|Year : 2022 | Volume
| Issue : 2 | Page : 53-58
Assessment of morbidity profile of rural population residing in the field practice area of a Government Medical College
Bhagyashri S Bhure1, Rajendra T Ankushe2
1 Department of Community Medicine, PGI YCMH Pimpri, Pune, Maharashtra, India
2 Department of Community Medicine, S.R.T.R. GMC Ambajogai, Maharashtra, India
|Date of Submission||02-Jun-2022|
|Date of Decision||25-Aug-2022|
|Date of Acceptance||29-Aug-2022|
|Date of Web Publication||16-Nov-2022|
Bhagyashri S Bhure
Vishwa Residency Building D402, Sant Tukaram Nagar, Pimpri-Pune
Source of Support: None, Conflict of Interest: None
Background: Morbidity can be defined as any deviation from the state of normal physical and mental well-being. The health of an individual does have a direct relationship with human resources, development and economic development of a nation. The existing hospital based, disease – oriented health care model has provided health benefits mainly to the urban elite, approximately 80% of health facilities are concentrated in urban areas. The rural areas where nearly 69% of the population live, do not enjoy the benefits of the modern curative and preventive health services. Therefore the present study was undertaken with the objective to assess the health needs of the rural population in terms of morbidity. Materials and Methods: The Cross-sectional study was conducted in a village which comes under field practice area of the Department of Community Medicine. The village was selected by using lottery method out of all the villages which comes under the field practice area. All villagers in the village constituted the study population. 2270 Study population (420 families) were involved in the study. A house to house survey was done using interview technique as a tool for data collection. Predesigned questionnaire was used to record the necessary information. Data regarding socio demographic factors and any disease condition among family members was collected. Results and Conclusions: Present study comprises of 2270 study participants in all age groups. The most common morbidities more than 1% population affected (> 22 cases) were Anaemia 517(22.77%), Acute respiratory infection 260(11.45%), Diabetes and Hypertension 255(11.23%), Diarrhoea 93(4.09%), Refractory error and cataract 46(2.02%), Arthritis 44(1.93%) and Dental caries 34(1.49%). There is dual burden of communicable as well noncommunicable diseases in our study population.
Keywords: Health needs, morbidity profile, rural population
|How to cite this article:|
Bhure BS, Ankushe RT. Assessment of morbidity profile of rural population residing in the field practice area of a Government Medical College.
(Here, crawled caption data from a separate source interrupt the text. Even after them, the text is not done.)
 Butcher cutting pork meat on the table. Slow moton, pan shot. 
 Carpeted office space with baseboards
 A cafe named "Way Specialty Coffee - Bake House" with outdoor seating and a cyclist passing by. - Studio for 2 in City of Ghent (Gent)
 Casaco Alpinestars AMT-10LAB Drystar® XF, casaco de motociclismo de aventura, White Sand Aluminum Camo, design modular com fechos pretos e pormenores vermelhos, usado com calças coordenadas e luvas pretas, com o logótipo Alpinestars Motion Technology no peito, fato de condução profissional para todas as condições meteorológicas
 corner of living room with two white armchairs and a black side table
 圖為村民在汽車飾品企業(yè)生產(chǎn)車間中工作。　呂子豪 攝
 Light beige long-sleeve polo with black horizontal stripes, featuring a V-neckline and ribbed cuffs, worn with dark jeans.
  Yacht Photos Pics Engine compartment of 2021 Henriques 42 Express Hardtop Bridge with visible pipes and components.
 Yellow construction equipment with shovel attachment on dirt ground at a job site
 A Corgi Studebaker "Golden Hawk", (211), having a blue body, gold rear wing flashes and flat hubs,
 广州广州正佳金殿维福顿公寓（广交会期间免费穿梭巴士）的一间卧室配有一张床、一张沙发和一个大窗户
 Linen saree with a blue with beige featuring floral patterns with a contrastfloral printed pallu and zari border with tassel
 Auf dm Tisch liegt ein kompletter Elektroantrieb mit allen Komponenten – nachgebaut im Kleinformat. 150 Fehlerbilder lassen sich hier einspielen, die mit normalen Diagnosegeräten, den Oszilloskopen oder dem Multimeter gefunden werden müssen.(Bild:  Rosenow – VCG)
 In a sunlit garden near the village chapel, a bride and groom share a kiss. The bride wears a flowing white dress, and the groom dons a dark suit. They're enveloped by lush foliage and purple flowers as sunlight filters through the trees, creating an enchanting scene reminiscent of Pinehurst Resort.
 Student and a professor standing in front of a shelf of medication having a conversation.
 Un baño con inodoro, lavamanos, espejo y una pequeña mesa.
D Y Patil J Health Sci 2022;10:53-8
|How to cite this URL:|
Bhure BS, Ankushe RT. Assessment of morbidity profile of rural population residing in the field practice area of a Government Medical College. D Y Patil J Health Sci [serial online] 2022 [cited 2022 Nov 27];10:53-8. Available from: http://www.dypatiljhs.com/text.asp?2022/10/2/53/361369
| Introduction|| |
Health is a state of complete physical, mental, and social well-being and not merely an absence of disease or infirmity to lead a socially and economically productive life. Morbidity can be defined as any deviation from the state of normal physical and mental well-being. India is one of the many developing countries, which have high levels of morbidity. The health of an individual does have a direct relationship with human resources, development and economic development of a nation. From the time of Alma Ata declaration to achieve “Health for All by 2000” lot of planning, effort and public expenditure had been devoted to improve the health of the people both in rural and urban areas in India. Further, the spread and accessibility of medical care has also improved substantially across the country. However, in spite of these efforts, India is one of the many developing countries, which have high levels of morbidity. Due to industrialization and the persisting inequality in health status between and within States and Union Territories (due to varying economic, social and political reasons), India currently faces a “Triple burden of diseases”, which compromised of communicable diseases, emerging non-communicable diseases related to lifestyles and emerging infectious diseases.
As per Census 2011, the total population of India is 1210.8 million with a decadal growth rate of 17.7 per cent. While 31.14 per cent of the population lives in urban areas, the 68.86% lives in rural areas. The existing hospital based, disease – oriented health care model has provided health benefits mainly to the urban elite, approximately 80% of health facilities are concentrated in urban areas. The rural areas where nearly 69% of the population live, do not enjoy the benefits of the modern curative and preventive health services.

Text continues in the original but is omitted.